> **MATERIAL PROVIDED**:
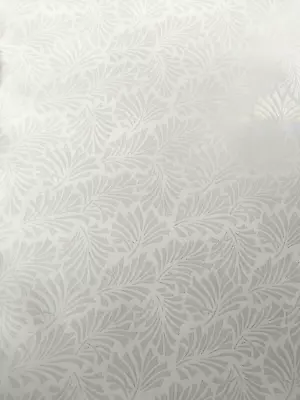 £196.62 • Buy 50s Harmony House White Abstract Foliage Shimmer NOS Wallpaper 2.5 Double Rolls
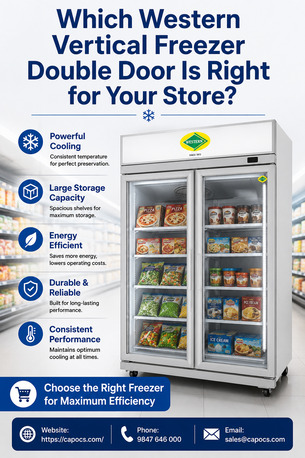 Kerala, Electronics, Which Western Vertical Freezer Double Door Is Right For Your Store?
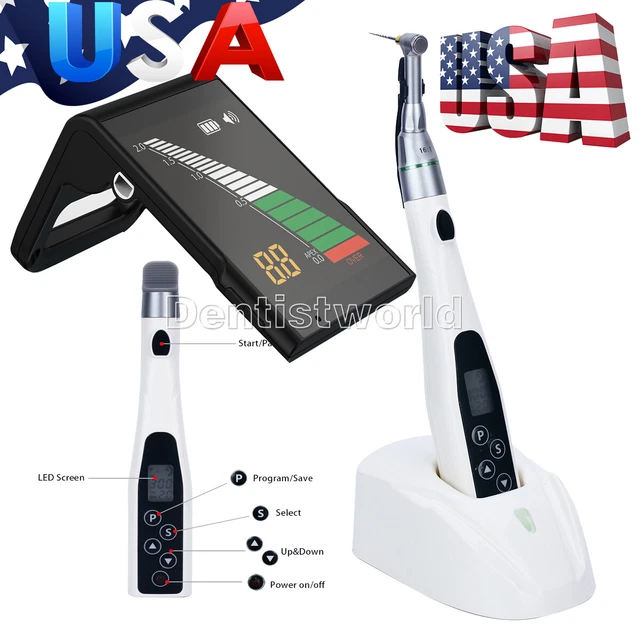 Dental 16:1 Cordless Endo Motor Contra Angle/Endodontics Root Canal Apex Locator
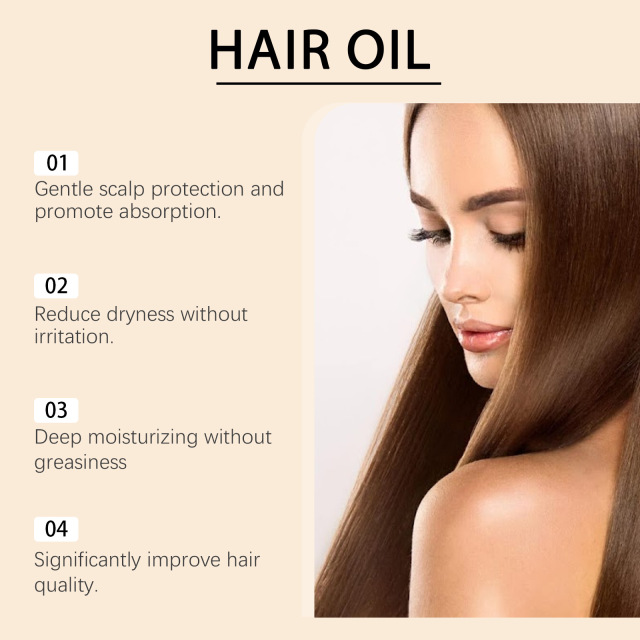 Nourishing Hair Essential Oil Spray Moisturizes Naturally Fluffy Soft Glossy Strong Hair Moisturizing Hair Growth Essential Oil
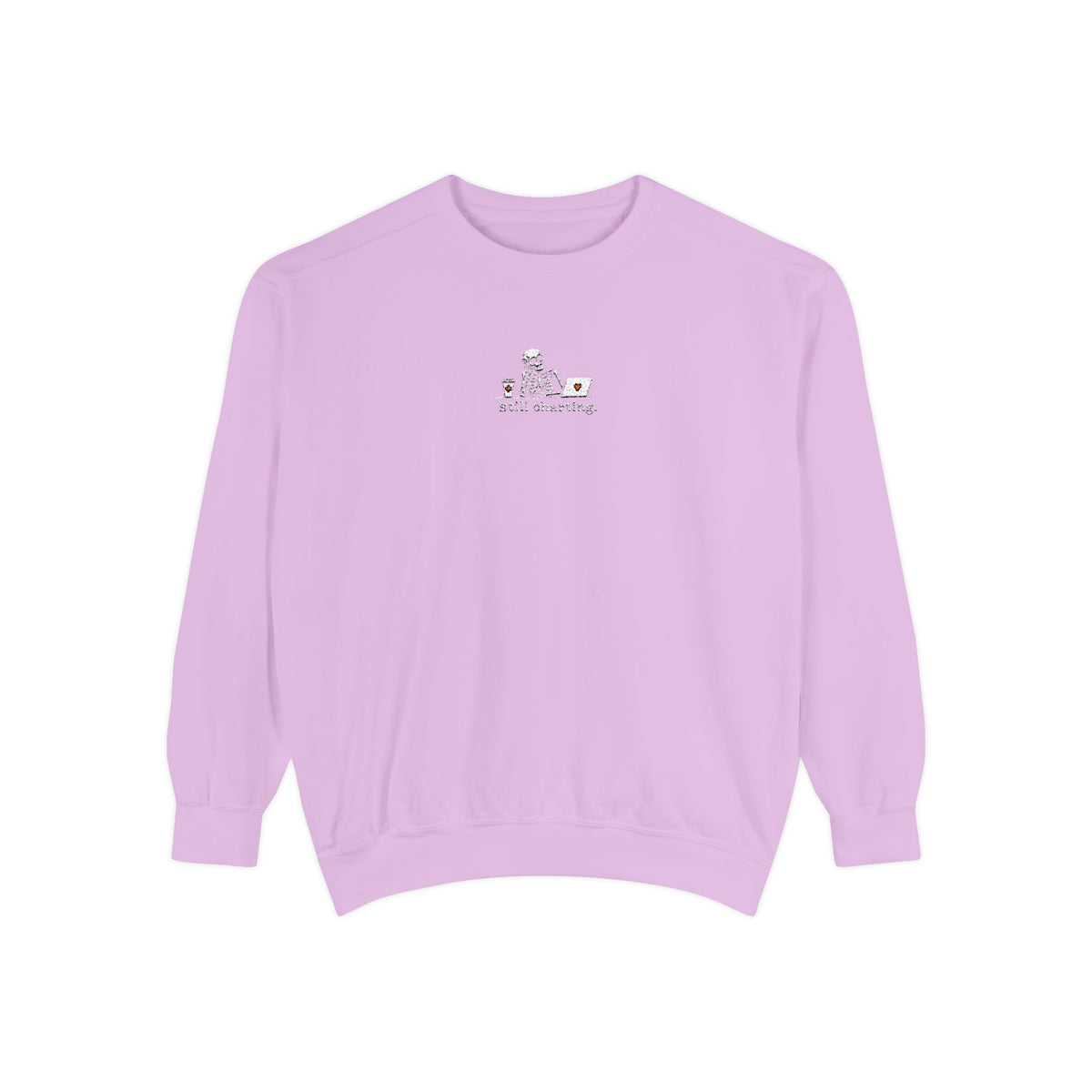 Still Charting Nurse Skeleton Sweatshirt Embroidered Sweatshirt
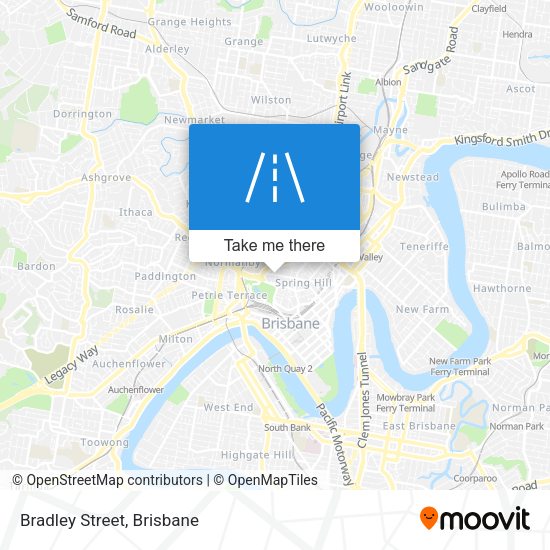 Bradley Street map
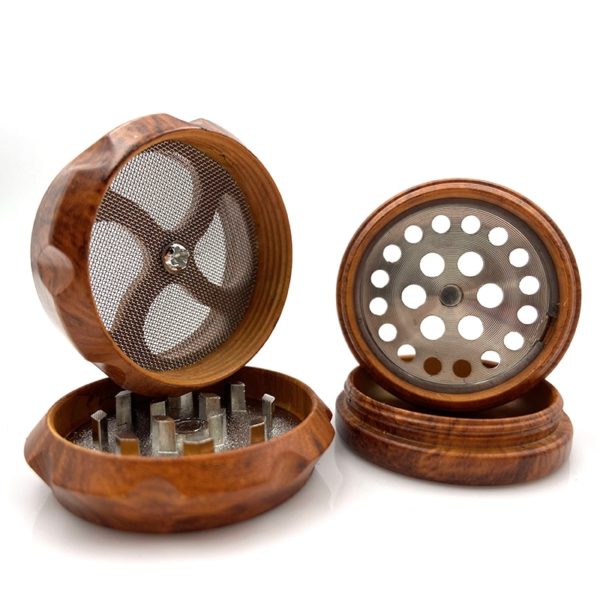 Dry Herb Grinder Cannabis Crusher - Meranti Wood Exterior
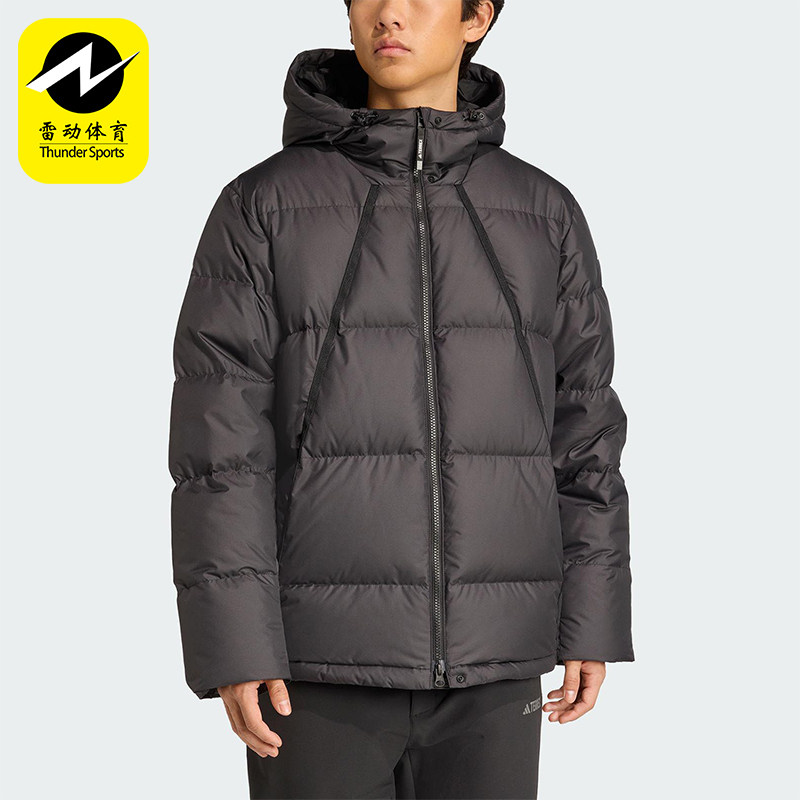 Adidas/阿迪达斯正品GOOSE DOWN JACKET男士休闲防风羽绒服JV6210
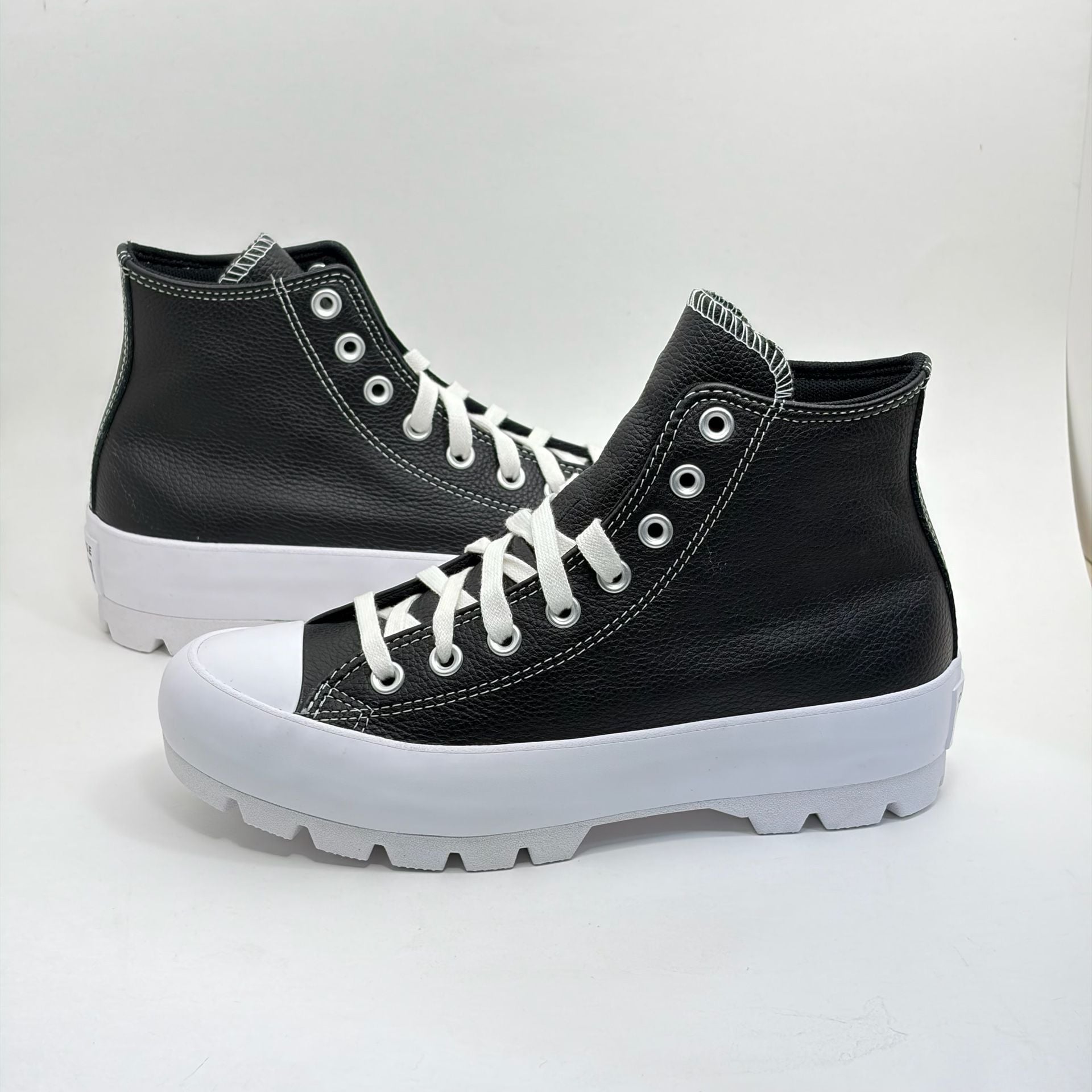 Converse Chuck Taylor 567164C Women 8.5 Lugged Leather Black Platform New 9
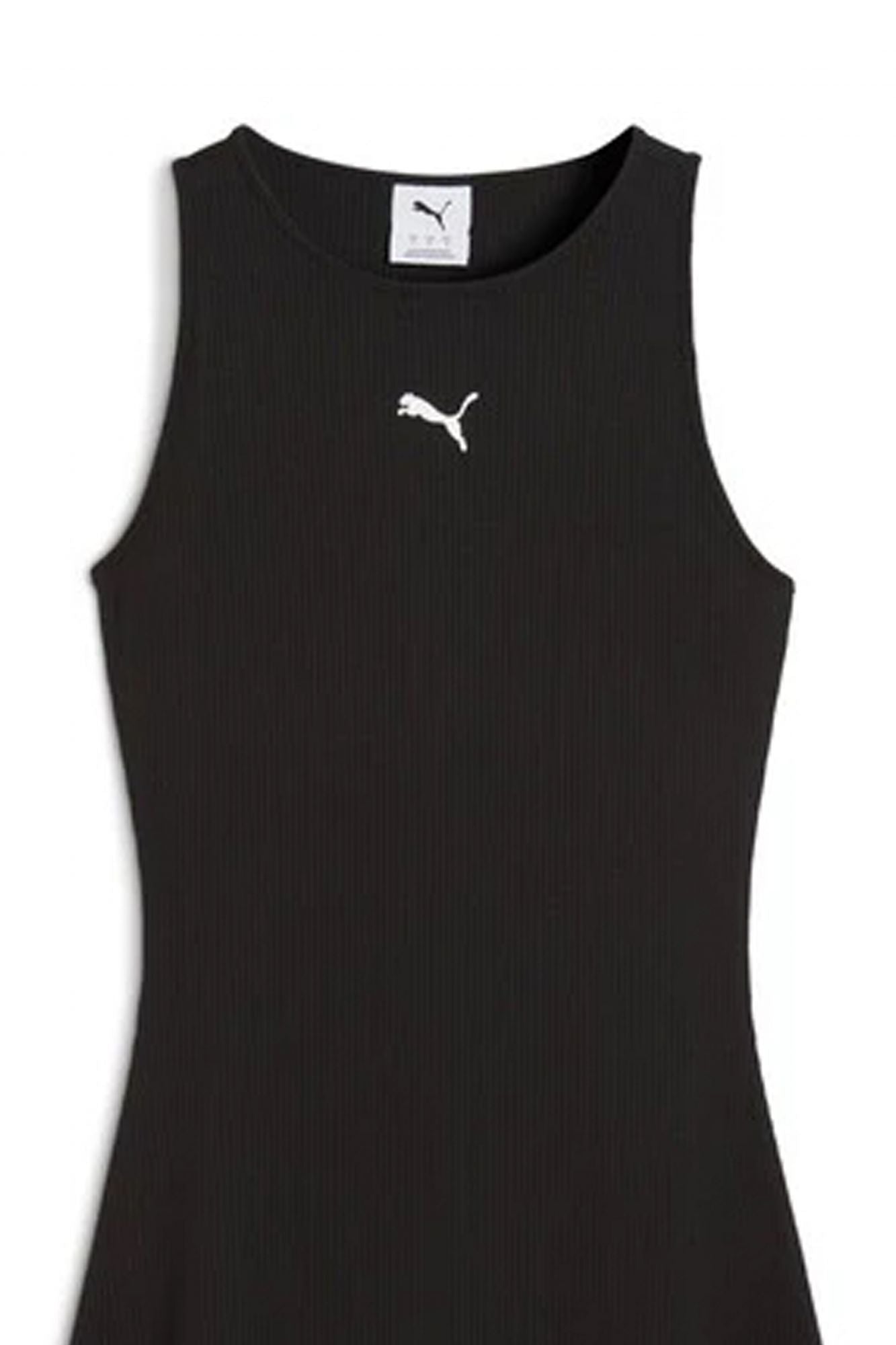 PUMA WARDROBE ESS RIBBED DRESS en color NEGRO (2)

> **ABOUT THIS EXERCISE**: After removing the pictures, transcribe the listing above exactly.

> **RESULT**:
 £196.62 • Buy 50s Harmony House White Abstract Foliage Shimmer NOS Wallpaper 2.5 Double Rolls
 Kerala, Electronics, Which Western Vertical Freezer Double Door Is Right For Your Store?
 Dental 16:1 Cordless Endo Motor Contra Angle/Endodontics Root Canal Apex Locator
 Nourishing Hair Essential Oil Spray Moisturizes Naturally Fluffy Soft Glossy Strong Hair Moisturizing Hair Growth Essential Oil
 Still Charting Nurse Skeleton Sweatshirt Embroidered Sweatshirt
 Bradley Street map
 Dry Herb Grinder Cannabis Crusher - Meranti Wood Exterior
 Adidas/阿迪达斯正品GOOSE DOWN JACKET男士休闲防风羽绒服JV6210
 Converse Chuck Taylor 567164C Women 8.5 Lugged Leather Black Platform New 9
 PUMA WARDROBE ESS RIBBED DRESS en color NEGRO (2)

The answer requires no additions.